Barack Obama won’t triangulate, because he can’t:
That Monday tax deal had to be the worst day of Barack Obama’s presidency. I’d be surprised if this most insouciant of presidents was able to sleep Monday after the statement he issued at the White House about the deal. That was no mere statement. It was a class warrior’s cry from the heart.
He lashed “the wealthiest Americans” three times, not to mention “the wealthiest 2% of Americans,” “tax cuts to millionaires and billionaires,” “wealthy people” and—channeling the French revolution—”the wealthiest estates.” (Louisiana Democratic Sen. Mary Landrieu, answering the party’s casting call for the role of Madame Defarge, denounced the deal as “morally corrupt.” Keep her away from knitting needles.)
I don’t buy that all this was said as a sop to the angry left.
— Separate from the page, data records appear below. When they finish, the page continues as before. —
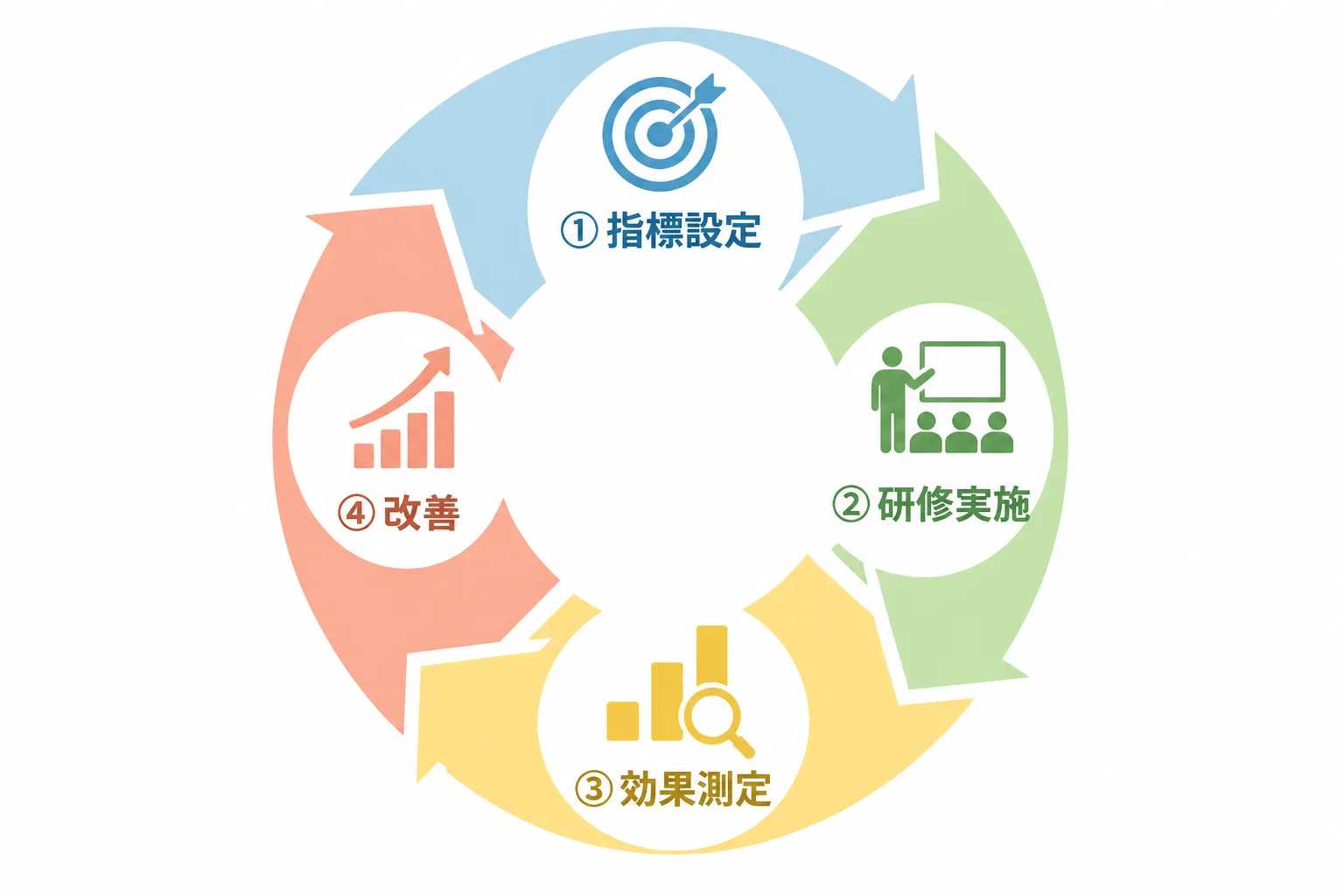 ITリテラシー向上施策の指標設定から改善までのサイクルを示す図解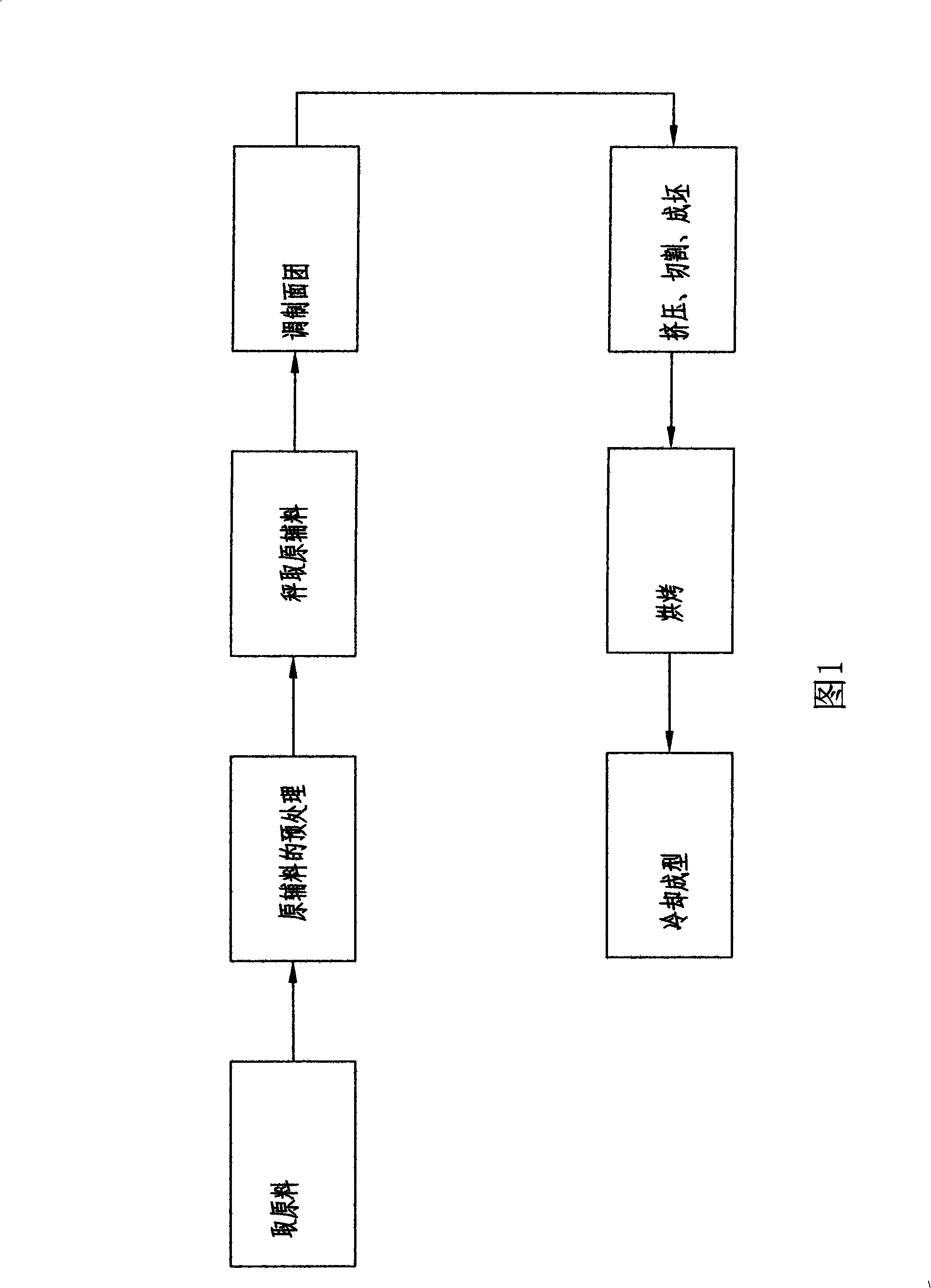 Cookie biscuit and preparation method thereof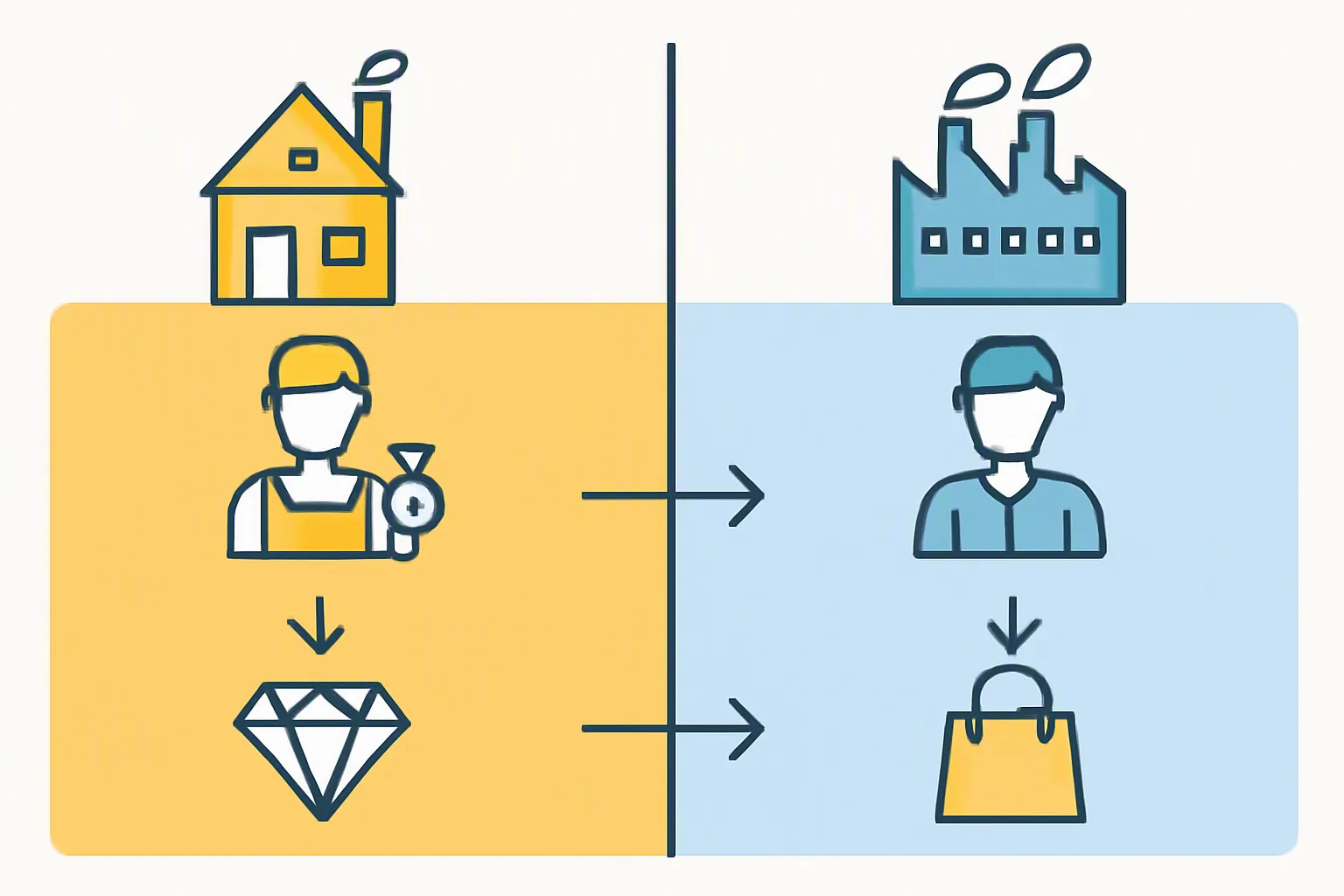 Joyería Oviedo: Guía de Aprovisionamiento para Compradores B2B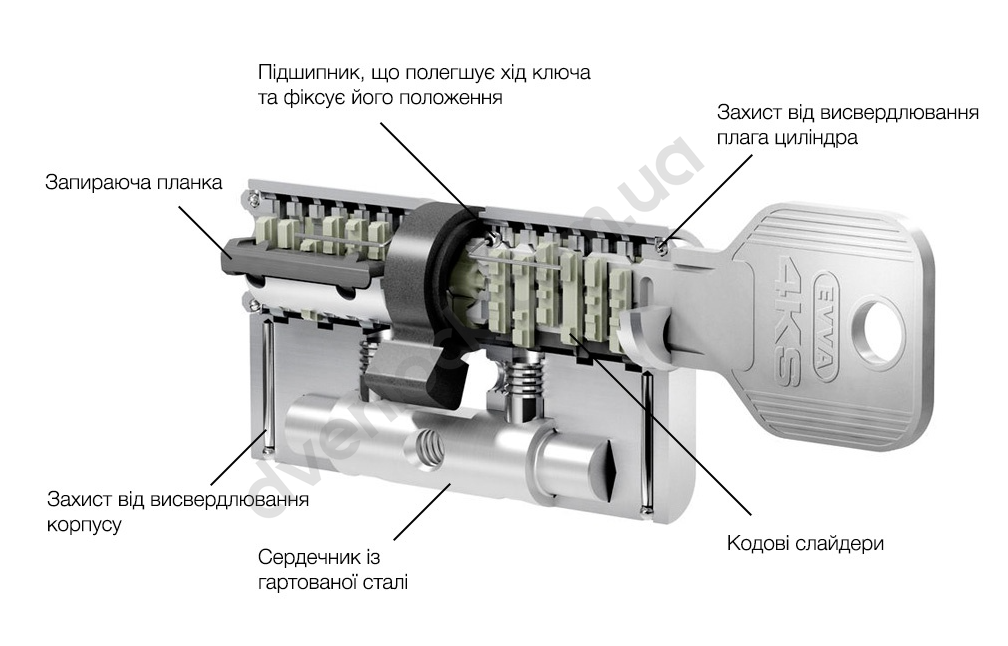 Цилиндр EVVA 4KS KZ 51/K56 NI 3 кл.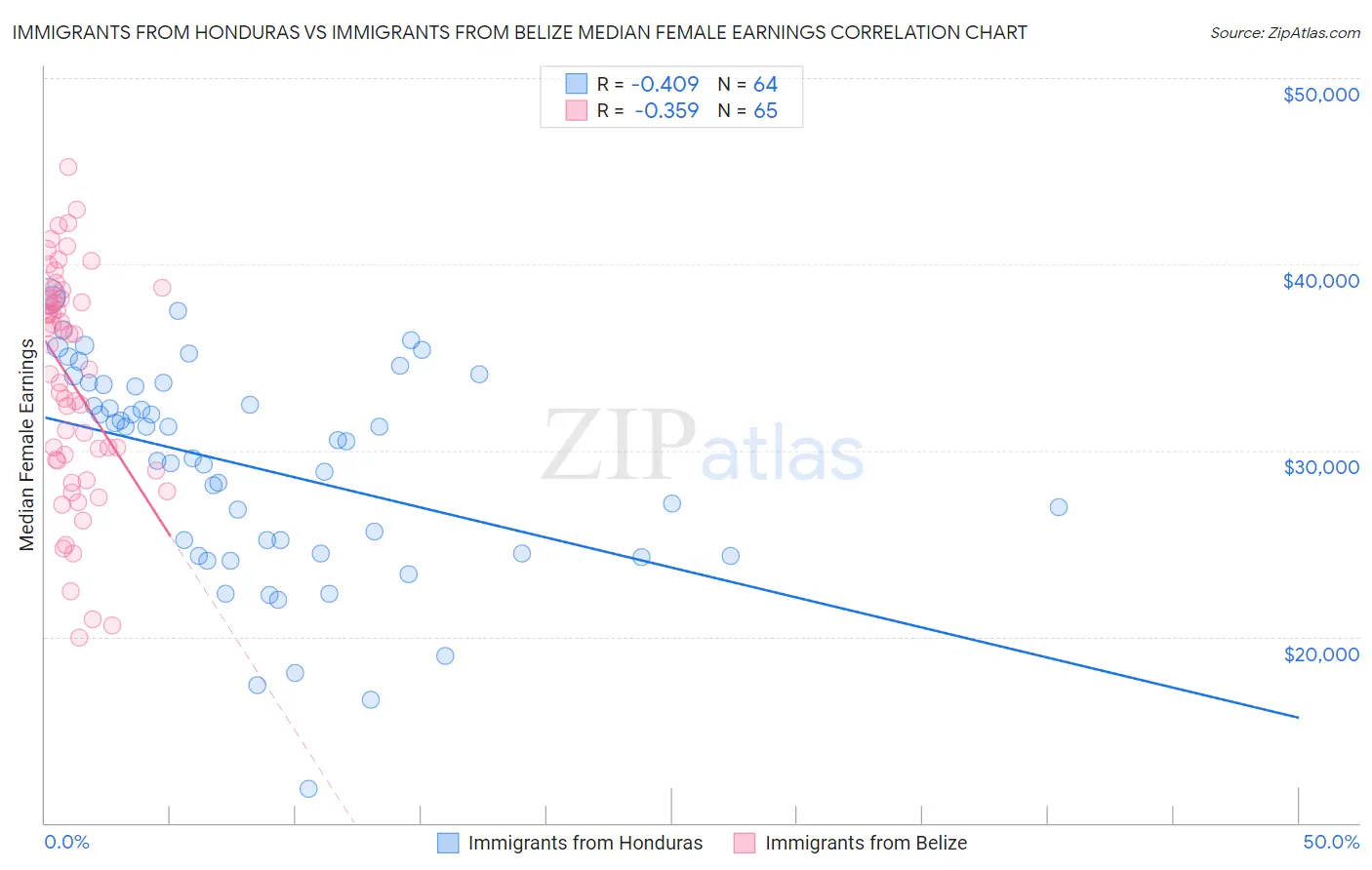 Immigrants from Honduras vs Immigrants from Belize Median Female Earnings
One month into his presidency, the Obama budget message repeatedly ripped into “those at the commanding heights of our economy.” When at the White House Monday Mr. Obama suggested his next campaign will be “a conversation with the American people” about ending those rates (35%!) for “wealthy people,” I take him at his word. He won’t be at peace until this violation is erased.
…Will the nation’s new economic royalists step forward, rope in hand, to produce enough economic activity to help Mr. Obama to a second term of retribution? Maybe not. According to the National Association of Manufacturers, some 70% of manufacturing concerns in the U.S. have owners whose business is taxed at the individual rate (S corporations and the like). These are the people expected to commit capital to new hires and equipment.
But if an angry, let-me-be-clear Barack Obama just looked into the cameras and said he’s coming to get you in two years, what rational economic choice would you make? Spend the profit or gains 2011 might produce on new workers, or bury any new income in the backyard until the 2012 presidential clouds clear?
No matter how much economic bump Mr. Obama gets in 2011 from extending the Bush-era tax rates, the 2012 election will be fought over a deep national anxiety that he rightly identifies but misinterprets.
I don’t think he’ll be able to fool the people again in 2012, at least not enough to get reelected. Now they understand what he meant in his brief conversation with Joe the Plumber, and they understand what it means to elect a Marxist.
[Update a couple minutes later]
It’s too late for a “third way.”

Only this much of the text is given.